───── Provided information

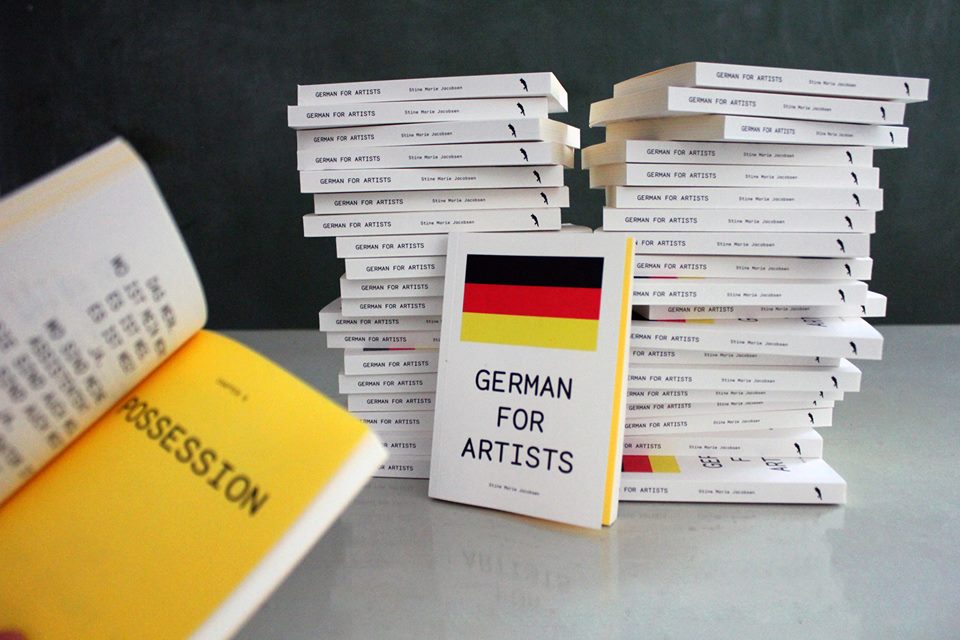 GERMAN FOR ARTISTS Concept: Stine Marie Jacobsen Editor: Ida Bencke Graphic Design: Pieterjan Grandry /modem.ws Soft cover Pages 174 ISBN: 978-3-943196-31-3 September 2015. ENGLISH/GERMAN German for Artists is a hybrid pocket grammar book and an artist's humorous reflections on the more philosophical aspects of the German language. Written by the Danish artist Stine Marie Jacobsen, the book offers a critical and very humorous linguistic introduction to the vibrant and international cultural scene in Berlin. The book looks at contemporary art through the optics of language teaching, educates the reader about art and German grammar at one and the same time. German for Artists offers an insight into the basic German grammar by using well-known people on the international art scene to visualise the rules. The book is designed for artists, curators and other art enthusiasts who dream of learning German. It is an easily portable book offering grammatical first aid and ready-to-use phrases, that will help your understanding of the language in the German art world. A must for all "nicht-so-gut-deutsch" - speaking cultural workers in Germany's capital! The book offers advice to help art people in different typical social and practical situations in the Berlin art world. Stine Marie Jacobsen (b. 1977), is a conceptual artist working to decode individual and collective violence through participatory means. Focusing on language, gender and psychology, she uses film as a starting point to create performative experiments and platforms for new ways of looking at ethics, identity, fear and trust. She lives and works in Copenhagen and Berlin, graduated from the Royal Danish Academy of Fine Arts with an MFA and a BFA from CalArts, the California Institute of the Arts, Los Angeles, USA. Some of her notable solo shows have been at Künstlerhaus Bethanien, 2012, Berlin, Kohinoor, 2010, Copenhagen, District Kunst- und Kulturförderung, 2014, Berlin, Galway Arts Center, 2014, Galway, Ireland and Overgaden institute of contemporary art, 2015, Copenhagen, Denmark. Selected group shows consist of Six Impossible Things Before Breakfast, Momentum Biennale 2013, Moss, Norway, Either Or Nikolaj Kunsthal, 2013, Copenhagen, Idyll Turku Biennale, Turku, Finland, The 10th OPEN International Performance Festival, 2009, Beijing. In order to give participants a collaborative and dialogical space, Stine creates open structured sociocultural and participatory projects with clearly defined themes. With a focus in themes such as film, language, gender, violence, death, taboos, anonymity, psychology, the artist conducts performative experiments and creates platforms for critical thinking and new ways of looking at ethics, identity, control, fear and trust. Over the years Stine has conceptualised and worked on a number of participatory projects that are within these parameters, like for example Direct Approach, where participants are asked to retell their most violent film scene memory and choose whether they would play victim, perpetrator or bystander and why. Stine has organised and facilitated many Direct Approach workshops in Germany, Ireland, Colombia and Denmark. In 2014 the project was a 6 month workshop at District Kunst- und Kulturförderung in Berlin in collaboration with social work organisations Gangway and Streetcollege and was jury selected for Berlin Art Week. Another example is Mann beißt Hund (a remake of the Belgian film C’est arrivé près de chez vous), without actors. Alongside the use of film as a law system, with lawyers the artist also organised court cases with teenagers, where real lawsuits were rejudged and in workshops rights in private and public space were reflected on and discussed. In 2015, Stine was awarded an innovative educational grant from Node curatorial studies in Berlin and in 2016 she will receive a peace fellowship and professional Conflict Resolution certificate from the Rotary Club.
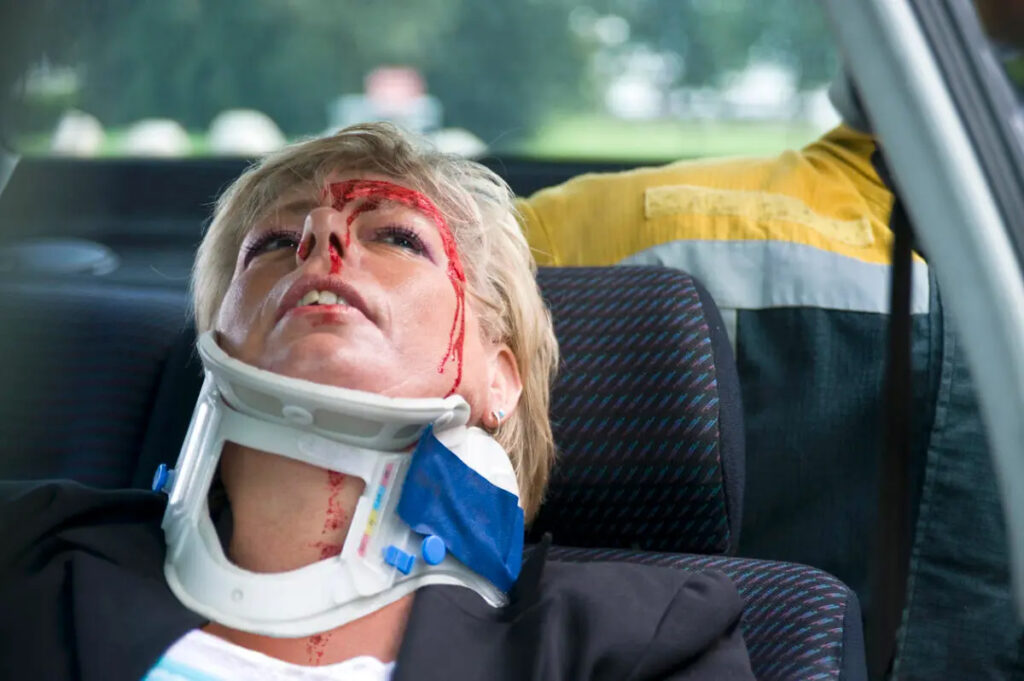 woman beleeing and in neck brace after car accident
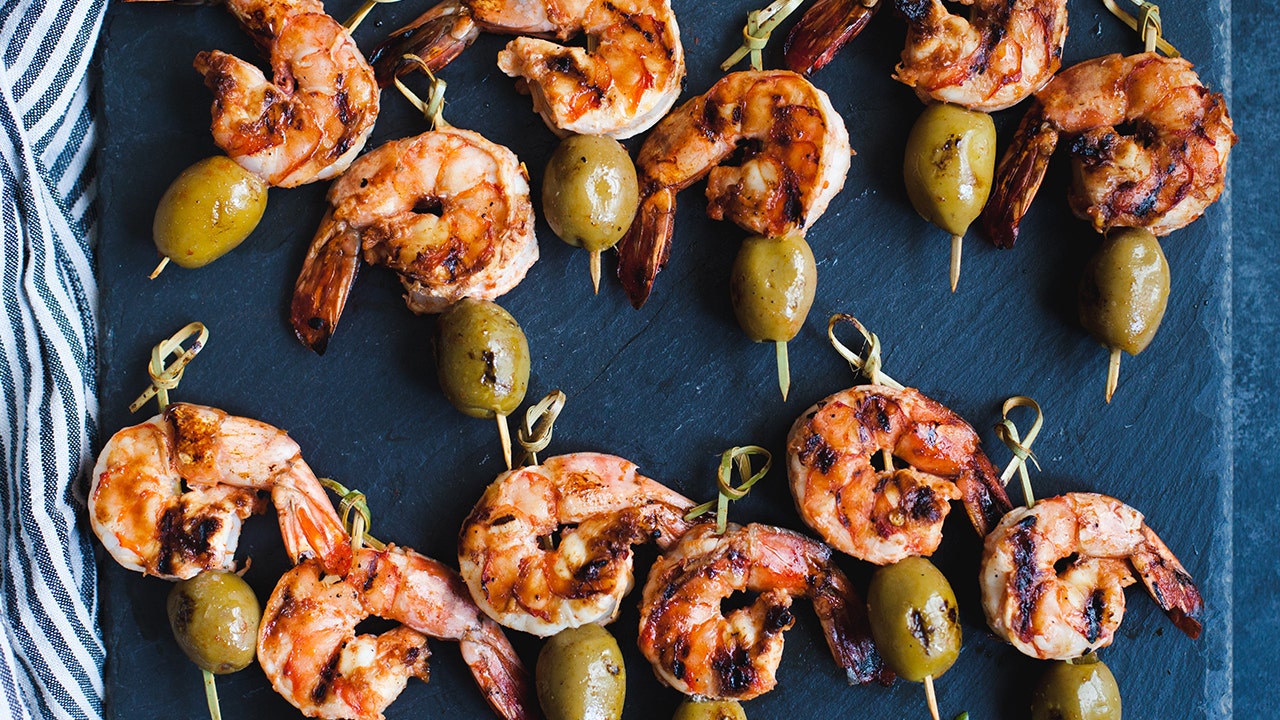 Try these spice shrimp and olive skewers for your next potluck dinner or cookout. (Musco Family Olive Co.)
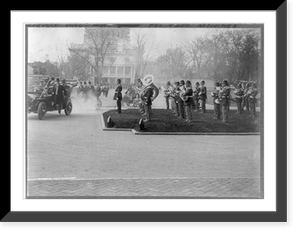 Arrival of Pres. Theodore Roosevelt at the armory. Pres. Roosevelt and others in 3 automobiles and military band, Historic Reproduction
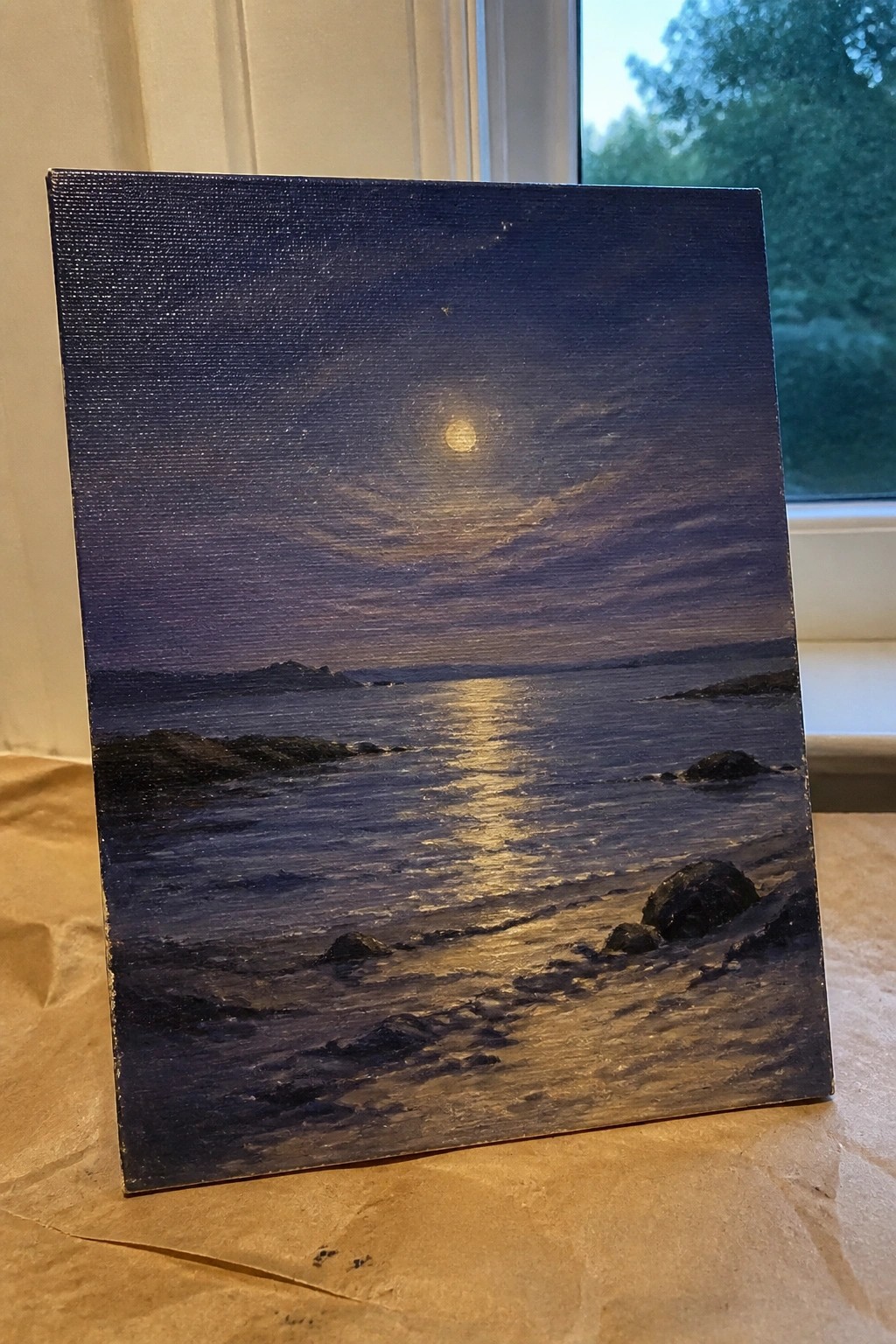 Canvas painting of moonlit ocean with golden reflections on dark rocky shoreline.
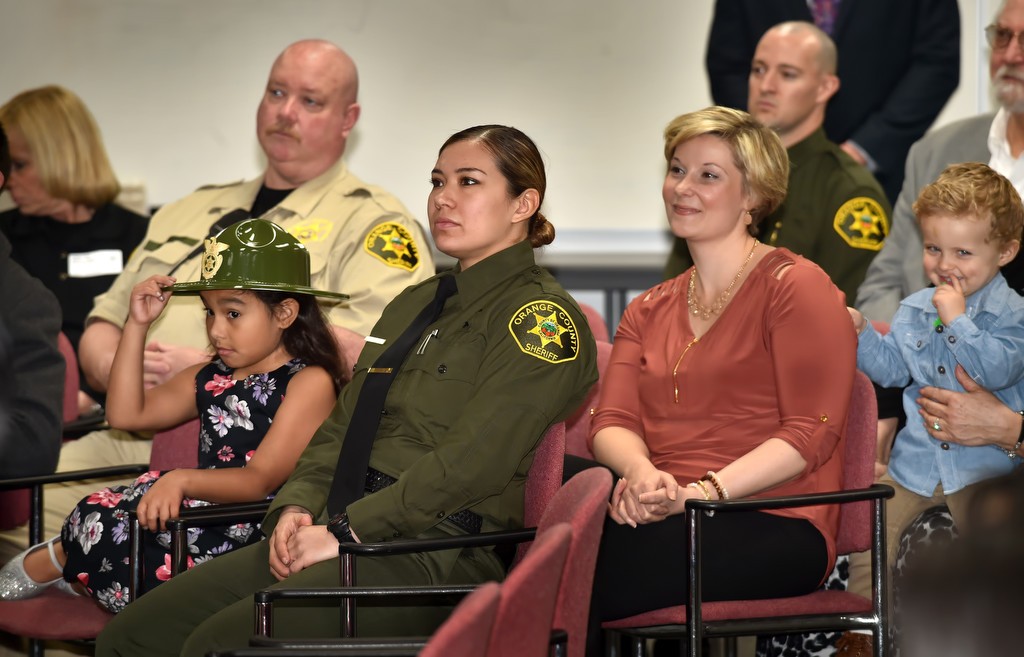Family and friends of six new lateral deputies joining the Orange County Sheriff Department, including Deputy Melinda Reyna and her 7-year-old daughter Olivia Torres, left, attend the swearing in ceremony at the OCSD Brad Gates Building in Santa Ana. Photo by Steven Georges/Behind the Badge OC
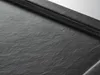 A close-up view of a textured black shower tray. Produktbild-Vorschau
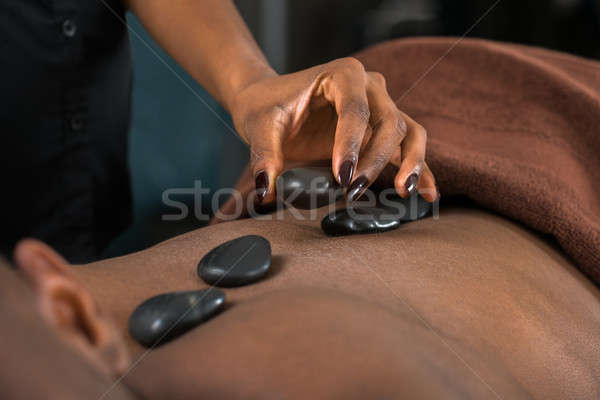 Férfi forró kő terápia közelkép afrikai Stock fotó © AndreyPopov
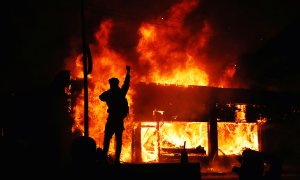 Un manifestante delante de una edificio ardiendo durante los disturbios desatados en Minesota tras la muerte de George Floyd, un ciudadano negro, a manos de la policía.- REUTERS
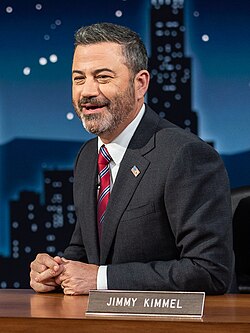 Photo of Kimmel smiling at his late-show desk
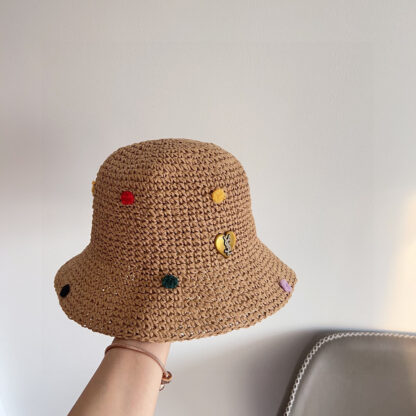 Yves Saint Laurent's new spring and summer polka dot playful woven fisherman hat - Image 3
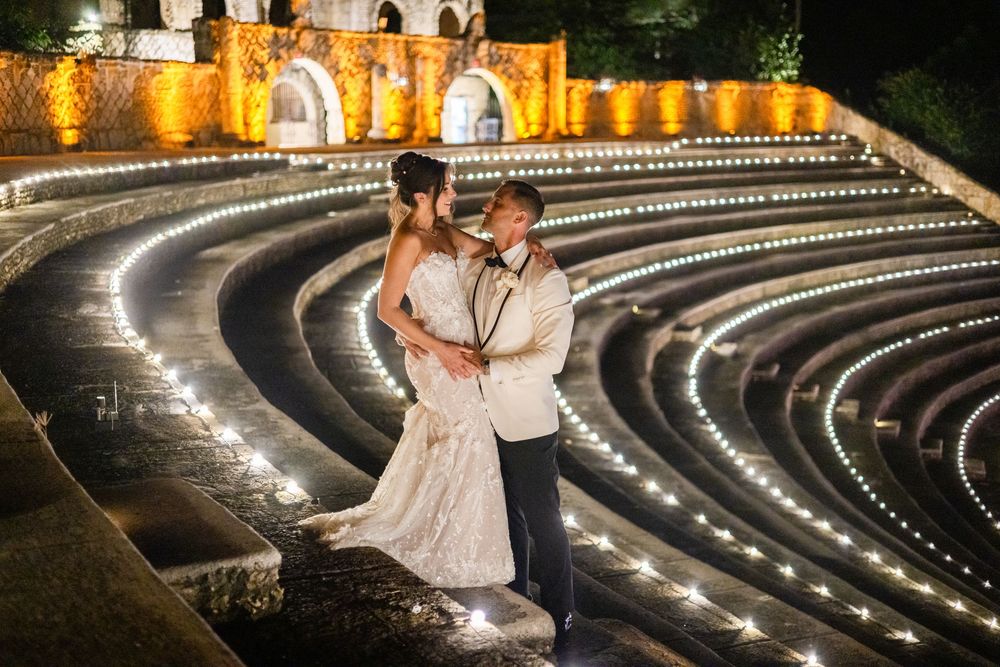 A romantic couple dances on an illuminated outdoor terrace with a glowing castle in the background at night.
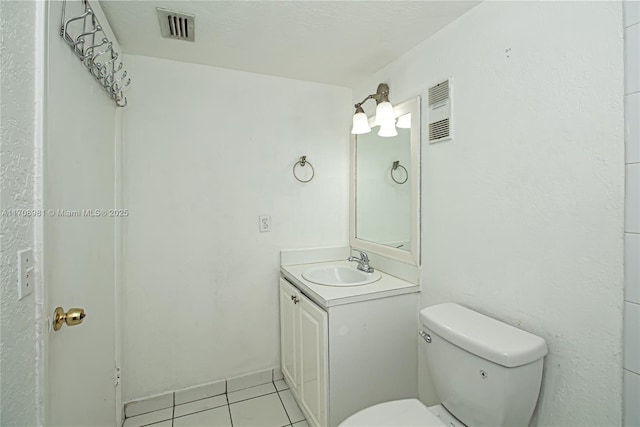 bathroom with tile patterned floors, vanity, and toilet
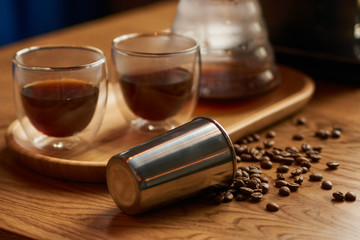 Fototapeta na wymiar Coffee beans, metal cup and glass cup of coffee drink on wooden table background, close-up.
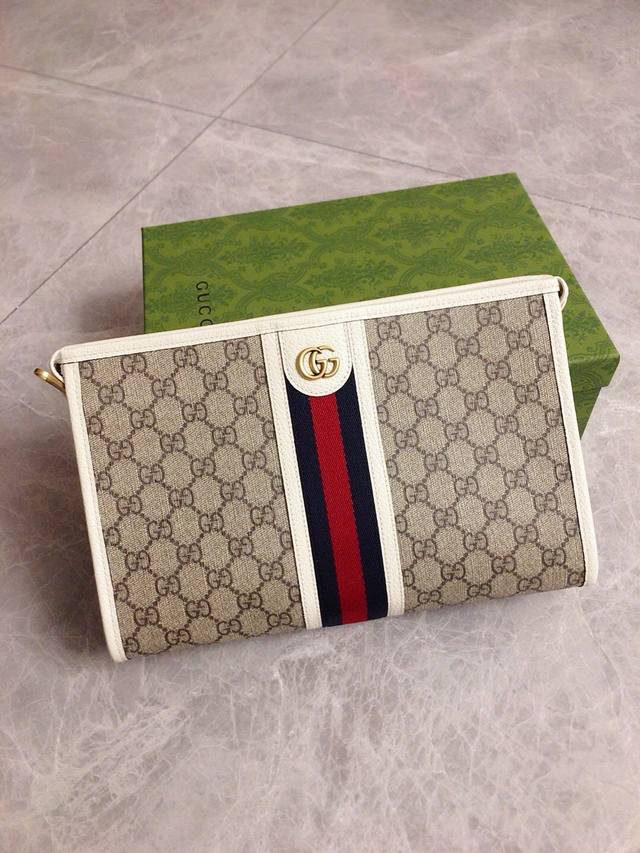 Gucci 古奇 顶级原单货专柜新款手拿包流行款 高端大气 时尚有品味 最新顶级专柜专用材料配皮专用头层牛皮 手感好厚度足 专柜标准布 超级实用 专柜五金配件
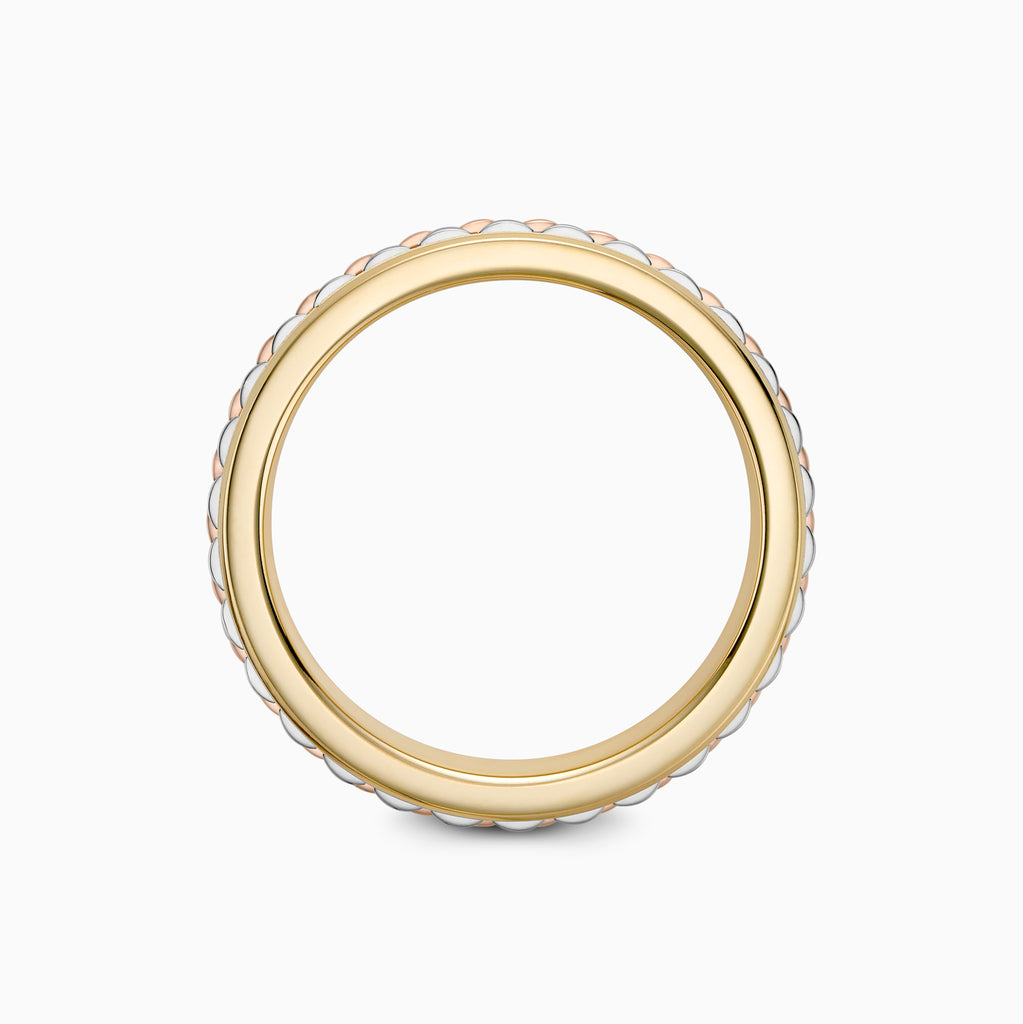 The Ecksand Three-Tone Ridged Wedding Ring shown with  in 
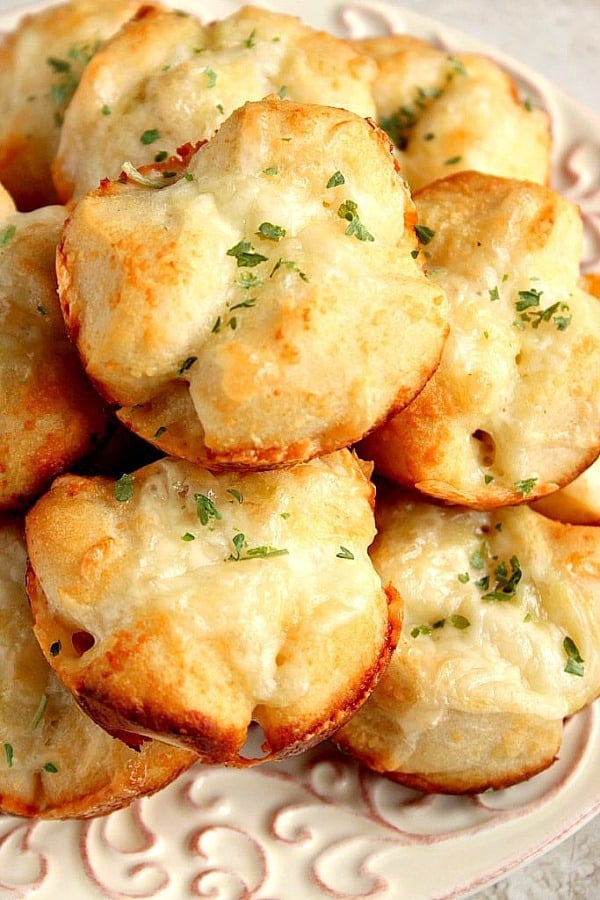 Garlic Parmesan Pull-Apart Rolls Recipe Rolls stacked up on white plate.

──────────

Task: Beginning with the line that contains "Fototapeta na wymiar", output every line down to the last line of the entries above exactly as written, apart from the pictures.

Written reply:
 Fototapeta na wymiar Coffee beans, metal cup and glass cup of coffee drink on wooden table background, close-up.
 Gucci 古奇 顶级原单货专柜新款手拿包流行款 高端大气 时尚有品味 最新顶级专柜专用材料配皮专用头层牛皮 手感好厚度足 专柜标准布 超级实用 专柜五金配件
 The Ecksand Three-Tone Ridged Wedding Ring shown with  in 
 Garlic Parmesan Pull-Apart Rolls Recipe Rolls stacked up on white plate.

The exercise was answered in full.